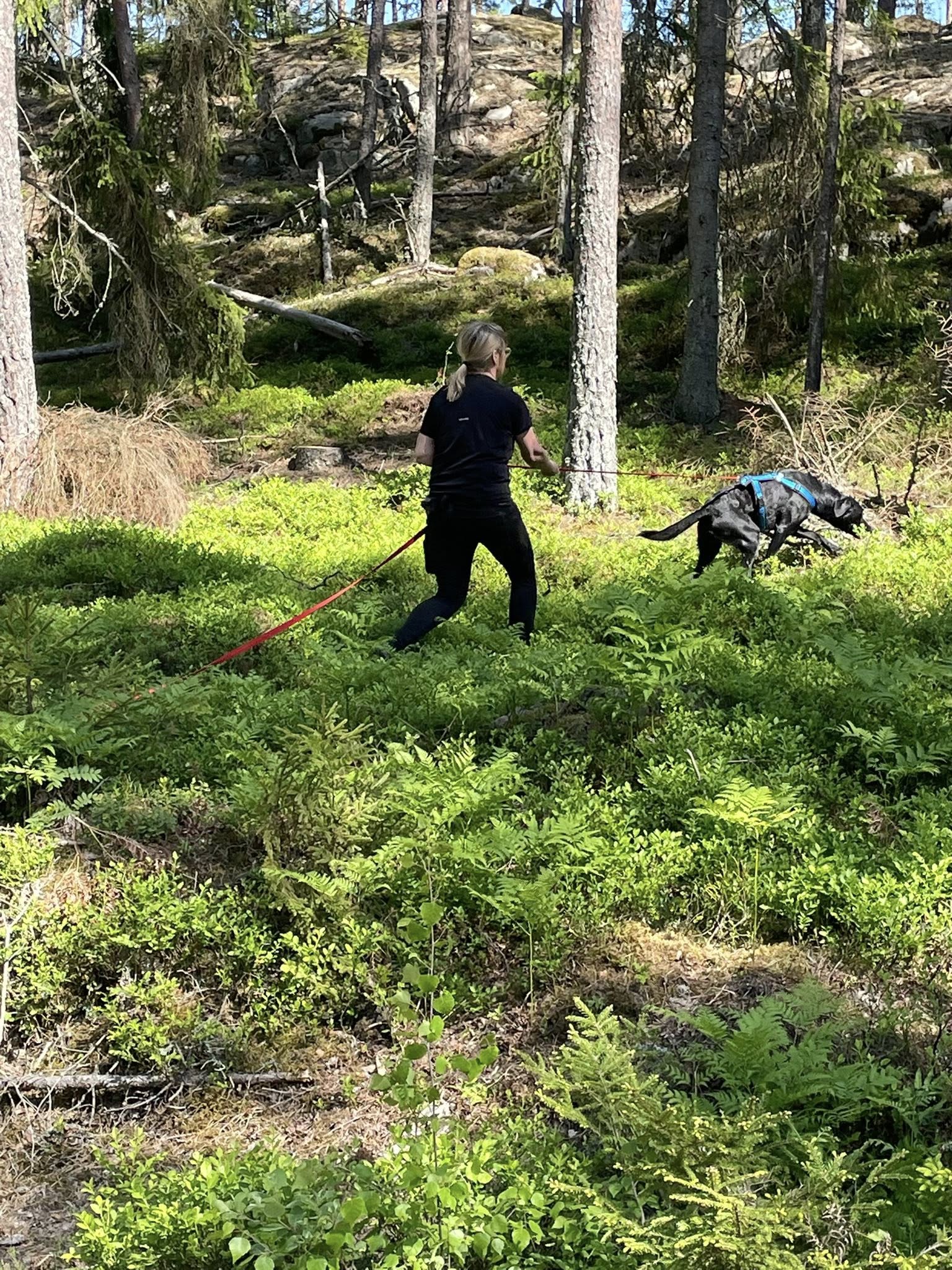 Läs mer på...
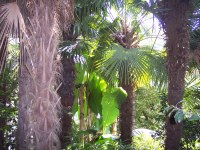 unter Palmen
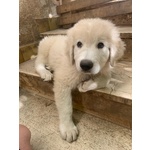 Cucciole di pastore maremmano abruzzese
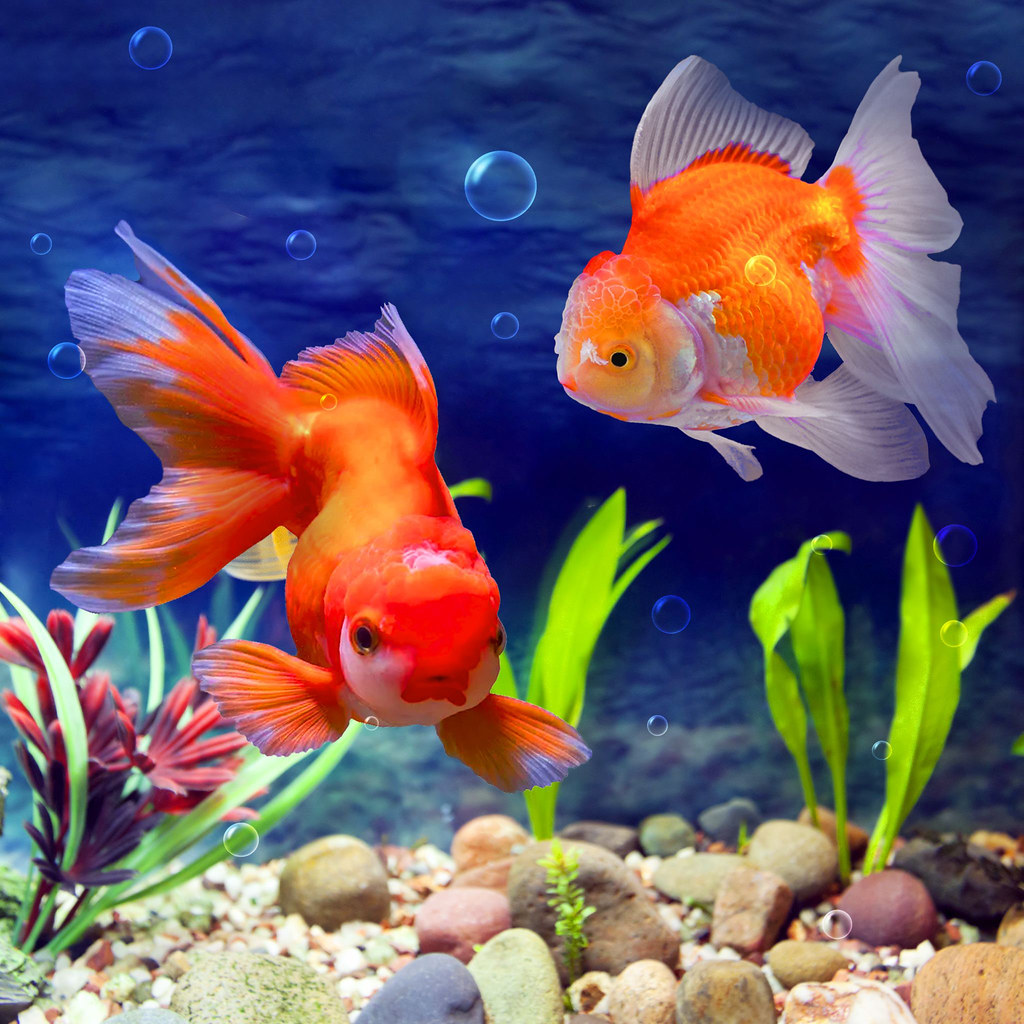 Goldfish Aquarium Jigsaw Chic Bee Flickr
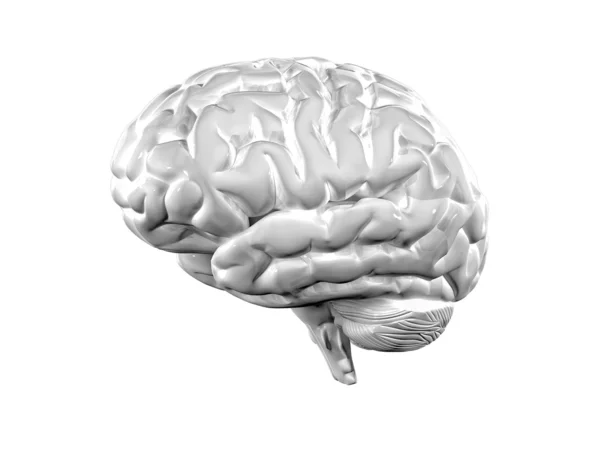 Cerebro 3d — Foto de Stock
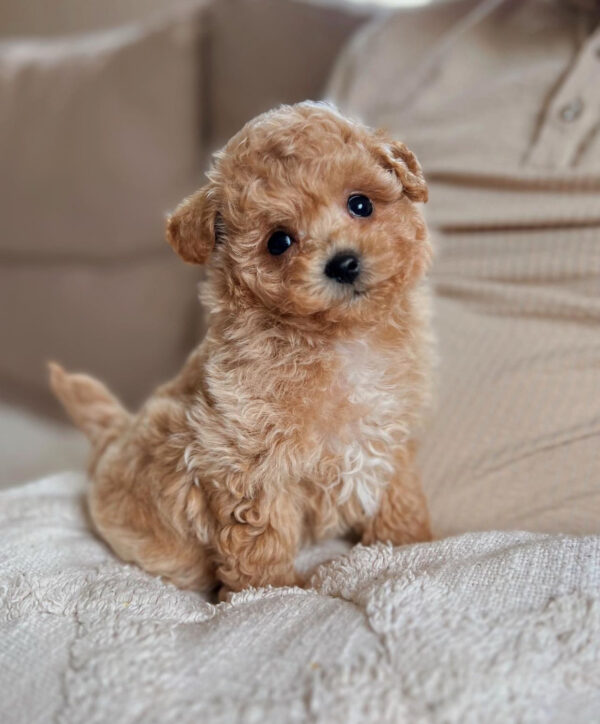 maltipoo rescue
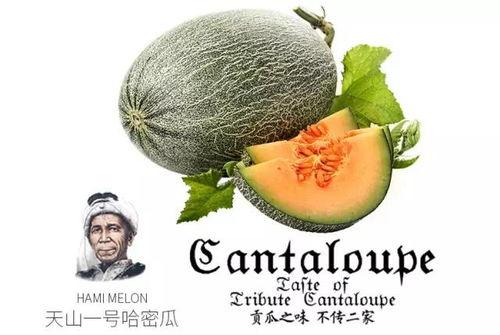 网红吃瓜视频推荐大全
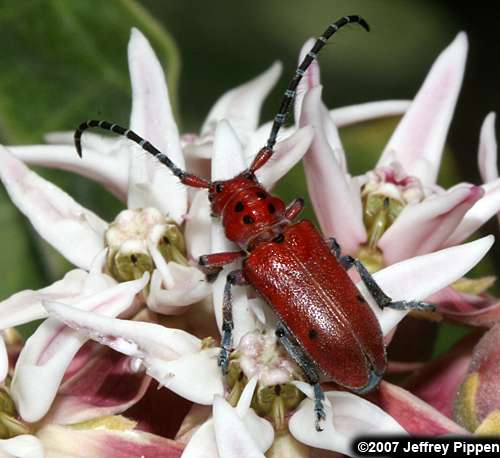 Red Milkweed Beetle (Tetraopes tetraophthalmus)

EXERCISE INSTRUCTIONS — Pictures are to be left out; the rest of the listing should be printed exactly.

EXERCISE OUTPUT —
 Läs mer på...
 unter Palmen
 Cucciole di pastore maremmano abruzzese
 Goldfish Aquarium Jigsaw Chic Bee Flickr
 Cerebro 3d — Foto de Stock
 maltipoo rescue
 网红吃瓜视频推荐大全
 Red Milkweed Beetle (Tetraopes tetraophthalmus)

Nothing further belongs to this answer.